The Scottish Government has ordered its heritage agency to explore options for breathing new life into St Peter’s Seminary, in Argyll, after the collapse of arts organisation NVA’a long-held vision for the woodland site.

NVA's creative director Angus Farquhar has spearheaded efforts to rescue St Peter's Seminary.

NVA's creative director Angus Farquhar has spearheaded efforts to rescue St Peter's Seminary.

NVA, which spent more than a decade planning the rebirth of the former training centre for priests at Cardross, near Helensburgh, has announced it will be closing down in September after deciding to pull the plug on its involvement with St Peter’s, which has been lying empty for decades.

Designed by Glasgow architects Gillespie, Kidd and Coia, St Peter’s opened in 1966 but only served its original purpose for 14 years before a brief spell as a drug rehabilitation centre in the 1980s.

Many experts regard St Peter’s, which sits at the heart of a 104-acre estate, as one of the greatest modernist buildings to be found anywhere in Europe.

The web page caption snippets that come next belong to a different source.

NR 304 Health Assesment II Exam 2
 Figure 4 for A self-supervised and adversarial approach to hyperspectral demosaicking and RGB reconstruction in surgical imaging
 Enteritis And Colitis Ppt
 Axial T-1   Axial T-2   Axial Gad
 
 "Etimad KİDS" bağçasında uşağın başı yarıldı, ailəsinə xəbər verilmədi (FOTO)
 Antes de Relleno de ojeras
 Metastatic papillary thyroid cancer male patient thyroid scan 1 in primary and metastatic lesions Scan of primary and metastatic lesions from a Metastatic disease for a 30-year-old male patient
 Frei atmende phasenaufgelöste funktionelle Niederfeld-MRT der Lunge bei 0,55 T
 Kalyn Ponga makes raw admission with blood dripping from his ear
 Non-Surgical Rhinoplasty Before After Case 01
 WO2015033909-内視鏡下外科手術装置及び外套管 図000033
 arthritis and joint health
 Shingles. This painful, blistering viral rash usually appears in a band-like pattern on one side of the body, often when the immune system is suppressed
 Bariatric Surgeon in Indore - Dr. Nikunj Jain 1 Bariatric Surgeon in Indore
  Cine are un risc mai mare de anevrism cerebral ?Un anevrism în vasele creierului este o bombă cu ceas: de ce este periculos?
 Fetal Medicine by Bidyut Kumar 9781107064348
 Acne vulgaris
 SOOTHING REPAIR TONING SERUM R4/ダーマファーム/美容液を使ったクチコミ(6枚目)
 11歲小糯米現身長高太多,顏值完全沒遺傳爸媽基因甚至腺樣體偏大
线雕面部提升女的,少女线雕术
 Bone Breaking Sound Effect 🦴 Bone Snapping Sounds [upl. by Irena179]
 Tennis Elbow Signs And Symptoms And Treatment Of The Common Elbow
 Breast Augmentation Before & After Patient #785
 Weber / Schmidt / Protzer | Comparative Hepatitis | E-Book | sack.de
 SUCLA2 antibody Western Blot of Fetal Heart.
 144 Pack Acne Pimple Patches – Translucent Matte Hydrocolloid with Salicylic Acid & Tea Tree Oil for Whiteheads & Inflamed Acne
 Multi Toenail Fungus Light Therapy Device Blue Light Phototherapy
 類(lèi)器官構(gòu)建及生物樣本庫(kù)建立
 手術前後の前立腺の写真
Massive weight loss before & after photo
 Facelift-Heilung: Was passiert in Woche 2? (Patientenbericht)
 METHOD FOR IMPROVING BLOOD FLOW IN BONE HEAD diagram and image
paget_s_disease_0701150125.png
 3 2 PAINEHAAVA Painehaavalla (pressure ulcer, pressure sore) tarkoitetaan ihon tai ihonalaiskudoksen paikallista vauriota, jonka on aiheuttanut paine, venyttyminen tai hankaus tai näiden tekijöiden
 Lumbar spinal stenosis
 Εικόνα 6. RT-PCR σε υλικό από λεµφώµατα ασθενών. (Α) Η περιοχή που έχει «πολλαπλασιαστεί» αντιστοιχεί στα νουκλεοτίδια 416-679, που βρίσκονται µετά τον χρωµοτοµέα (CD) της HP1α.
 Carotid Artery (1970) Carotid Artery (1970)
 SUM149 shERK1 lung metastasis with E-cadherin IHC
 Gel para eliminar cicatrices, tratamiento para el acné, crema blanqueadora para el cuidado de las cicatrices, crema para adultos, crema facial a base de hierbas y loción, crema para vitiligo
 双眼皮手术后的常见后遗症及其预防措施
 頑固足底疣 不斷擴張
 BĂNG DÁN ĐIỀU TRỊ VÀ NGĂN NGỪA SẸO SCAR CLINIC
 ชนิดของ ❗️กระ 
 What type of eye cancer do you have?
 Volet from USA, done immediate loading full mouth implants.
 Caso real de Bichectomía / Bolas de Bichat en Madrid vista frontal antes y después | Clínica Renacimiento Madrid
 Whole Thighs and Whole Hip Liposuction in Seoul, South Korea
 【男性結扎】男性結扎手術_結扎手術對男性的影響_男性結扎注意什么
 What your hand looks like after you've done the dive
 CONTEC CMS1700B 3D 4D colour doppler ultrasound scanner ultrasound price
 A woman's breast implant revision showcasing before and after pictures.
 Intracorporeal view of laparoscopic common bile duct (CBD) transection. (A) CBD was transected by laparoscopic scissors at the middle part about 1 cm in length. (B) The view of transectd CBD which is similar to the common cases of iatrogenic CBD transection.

Culture Secretary Fiona Hyslop said: “St Peter’s significance is well known internationally for its architecture and design, its natural setting and place in history.

“I have asked Historic Environment Scotland - as Scotland’s lead body for the historic environment - to consider longer-term options so this unique site can continue to fascinate and inspire the public.”

NVA has been responsible for some of Scotland’s most ambitious arts projects since it was formed by Angus Farquhar in 1992, including Glen Lyon in Perthshire, the Old Man of Storr on Skye, and Arthur’s Seat in Edinburgh.

It has blamed the pursuit of the “high-risk” revamp of St Peter’s, as well as the loss of long-term Creative Scotland funding in January, for its demise. Its announcement has come despite NVA declaring it had a “strong mixed economy model” combining public funding, private donations and self-generated income.

NVA said it had decided to shelve its plans for St Peter’s, which were to be funded by the Heritage Lottery Fund, due to the project’s “increasing risks”.

Its statement added: “NVA’s original plan for St Peter’s was universally acknowledged as bold, with creative ambition at its heart. It was also recognised as a high-risk venture for a small, independent arts organisation.

“NVA has spent many years working with great passion and determination, with the support of the owners of the site, the Archdiocese of Glasgow, to save this iconic building for future generations.

“Important work was done to begin to preserve and restore the building and to demonstrate the immense creative, intellectual and community potential of the site.

“However, despite our best efforts we were unable to guarantee the viable future for St Peter’s that we had imagined and hoped for.

“In the end, we had no choice but to bring the capital project to an end.”

Ms Hyslop added: “It is very sad NVA has taken the decision to close. It has earned a reputation as one of the most innovative public arts companies in the country, and many people will have fond memories of its productions, installations and performances.”

A Creative Scotland spokeswoman said: “We appreciate how difficult this decision has been for NVA’s board and staff and will continue to offer support and advice to all those involved.”